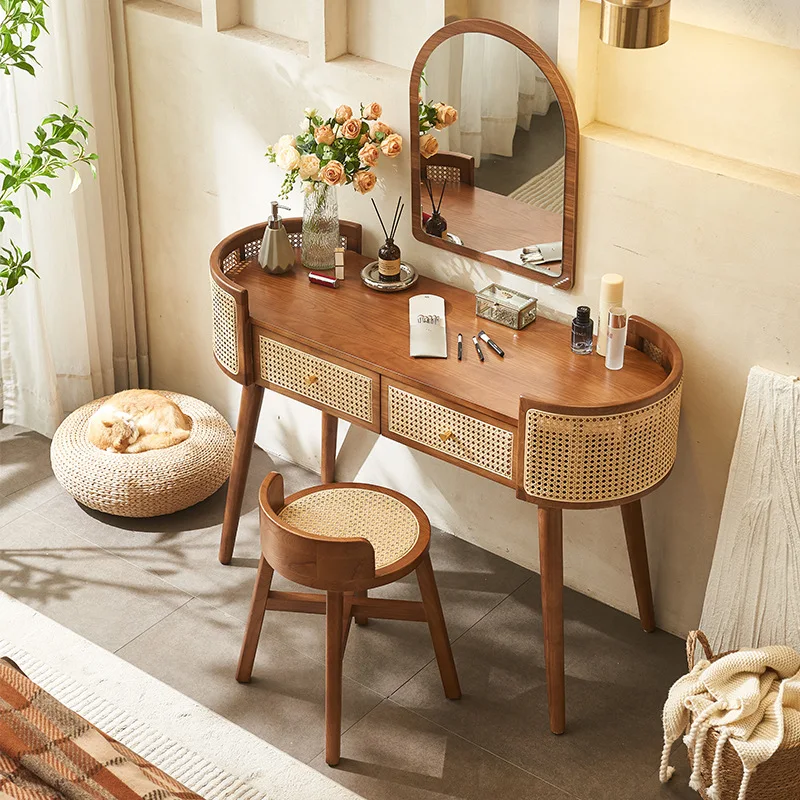 

Hotel Home Furniture Modern Square Woven Natural Rattan Bedroom Table And Chair Sets Dressing Table With Mirror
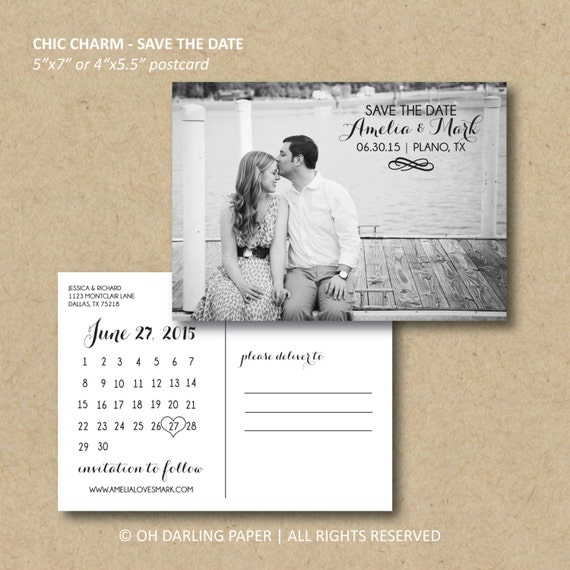 Printable Save the Date Postcard. Calendar postcard. Calendar save the ...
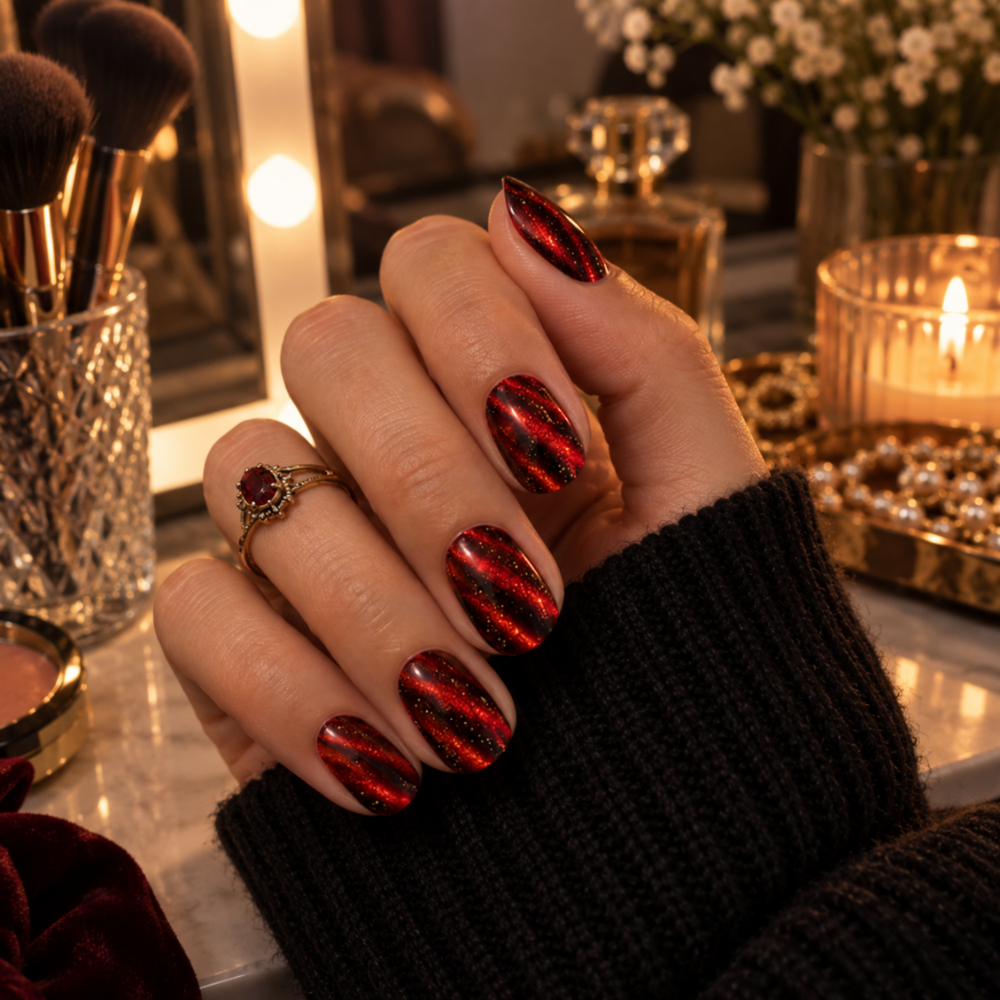 Manicure rorge pailthendée Hallowein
:::::
→ TASK OBJECTIVE:
The full listing, transcribed exactly and without its pictures, is the expected result.

→ TASK ANSWER:
Hotel Home Furniture Modern Square Woven Natural Rattan Bedroom Table And Chair Sets Dressing Table With Mirror
 Printable Save the Date Postcard. Calendar postcard. Calendar save the ...
 Manicure rorge pailthendée Hallowein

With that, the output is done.